Berikut ini adalah sekilas biografi, perjuangan, dan kontribusi beliau semasa hidup. Semoga kemuliaan, keberkahan, dan kebaikan selalu untuk beliau tercinta. Allohumma Amiin.

image

Masa Kecil

Muammal Hamidy terlahir di Desa Sedayu Lawas, Kecamatan Brondong Lamongan, 1 September 1940 silam. Muammal kecil menghabiskan lebih banyak waktunya untuk belajar ngaji di langgar. Sejak menginjak usia SD, bersama bocah-bocah desa lainnya, Muammal tidur di langgar.

“Hanya ketika bulan puasa, saya pulang untuk sahur. Setelahnya, ya kembali lagi ke langgar,”

Muammal juga bersekolah di SR (Sekolah Rakyat). Ketika terjadi Agresi Militer Belanda II 1948, sekolahnya terhenti. Seusai perang, Muammal pindah ke MI yang baru berdiri. Muammal Hamidy pun mulai mengenal dan belajar ilmu alat (nahwu dan shorof). Juga balaghah, fiqh dan muntakhobat (kata mutiara). Di usia ini, Muammal pun mulai belajar pola Kemuhammadiyahan dari pamannya, Mahfudz Ihsan, pendiri Muhammadiyah di Lamongan. Karena itu, Hadits Arbain Nawawi wajib dihafalkannya.

Masa Remaja

Setamat MI tahun 1955, anak ke delapan dari sepuluh bersaudara ini meneruskan studi agamanya ke MTs Tebuireng sambil nyantri di Pondok Pesantren Tebuireng Jombang. Dengan hanya berbekal 3 lembar pakaian dan 2 sarung yang dia bawa dalam tumbu yang terbuat dari daun lontar, ia berangkat mondok. “Karena minim baju ganti, saya kadang hanya mencuci kerahnya saja,” ujarnya sambil senyum dikulum.

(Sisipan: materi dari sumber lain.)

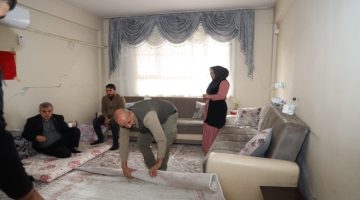 Başkan Beyazgül, Hafta Sonu Ev Ziyaretlerinde Çocuklarla Vakit Geçirdi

Untuk mengirit biaya, Muammal Hamidy memasak sendiri. Dia pun membawa cowek dari rumah dan berbekal banyak ikan asin. “Tapi ikan asinnya tidak digoreng pakai minyak, tapi dibakar pakai lampu teplok,” terangnya. “Wadah makan saya, ya cowek itu,” tambahnya. Bahkan untuk lebih mengirit, dirinya harus makan dengan banyak minum air putih. “Jadi kenyang air, bukan nasi,” selorohnya diiringi tawa.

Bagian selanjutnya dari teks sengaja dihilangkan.